Es ist mir in den vergangenen Jahren selten gelungen, dieses Erlebnis zu wiederholen. Trotz meines Interesses für saisonale Gerichte. Hollerkücherl haben nur wenige Tage, vielleicht eine Woche Saison. Dann ist die Blütenpracht vorbei. Und ich fürchte, in diesem rasanten Frühling könnte das noch schneller passieren. Deswegen habe ich auch schon alles parat. Zwei Liter Öl zum Frittieren und alle Zutaten für den Teig, in den die Blüten getaucht werden: Mehl, Eier, Zucker und Bier. Er sollte schön flüssig sein, wenn man die Blüten eintaucht und dann ins heiße Fett gibt.

Das Bier ist wichtig. Haben Sie sich noch nie gefragt, warum? Bier enthält Alkohol und Kohlensäure, die zwei Stoffe, die auch im Hefeteig entstehen. Sie helfen dem Teig, in der Hitze des Fetts aufzugehen. Vor allem der Alkohol. Er verdunstet schon bei einer geringeren Temperatur als Wasser, bei etwa 78 Grad. Dadurch bläht sich der Teig beim Frittieren schneller auf, wird schneller kross, und die Holunderblüten im Inneren bekommen nicht so viel Hitze ab. Sie bleiben zart und frisch. Das will ich.

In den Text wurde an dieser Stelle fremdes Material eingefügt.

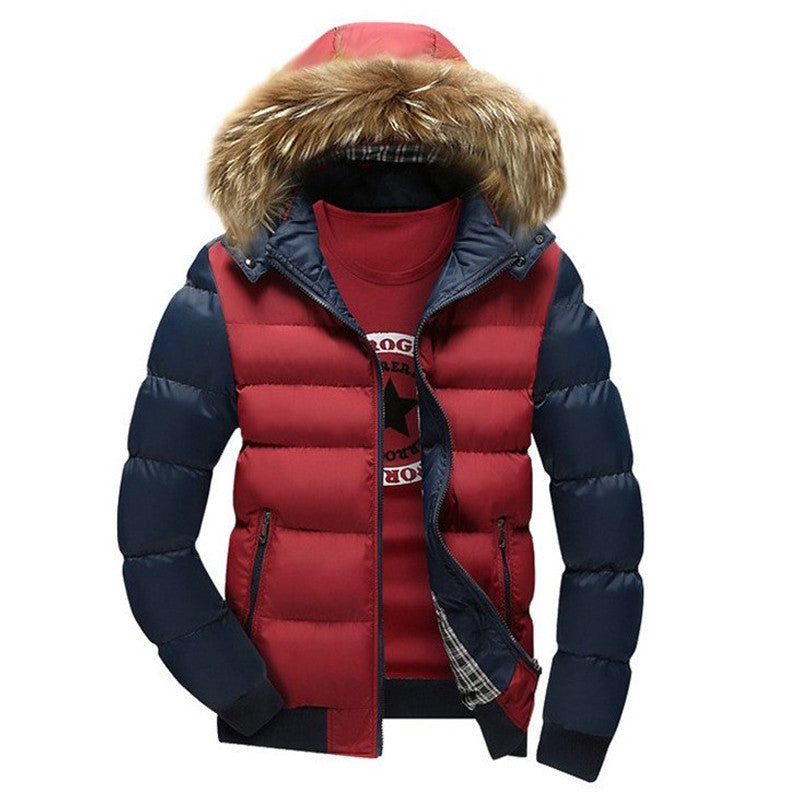 Online discount shop Australia - New Arrival Men Jacket Warm cotton coat mens casual hooded jackets Handsome Outwear thicking Parka Plus size XXXL Coats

Man könnte für den Teig natürlich auch Wein nehmen, Weinschorle oder noch besser Sekt. Ich bilde mir aber ein, dass das Bier den Hollerkücherln eine schmackhafte, leicht bittere Hopfennote mitgibt. Man kann das noch steigern – mit herbem friesischem oder noch stärker gehopftem Bier. Das ist Geschmackssache. Ich esse Hollerkücherl hauptsächlich pur. Also mit Puderzucker. Aber es passt auch ein Erdbeerragout mit Zitronenmelisse dazu. Oder ein Gurkensalat. Für diese herzhafte Variante sollte man nur den Zucker aus dem Bierteig lassen. Es juckt mich, jetzt zu später Stunde nachzusehen, ob der knospende Holunderbusch noch sicher ist vor all den anderen Strauchdieben.

Nur eine Gruppe wird dieses Jahr ganz sicher das Nachsehen haben. Die, die im Herbst Holundersaft aus den Beeren pressen will.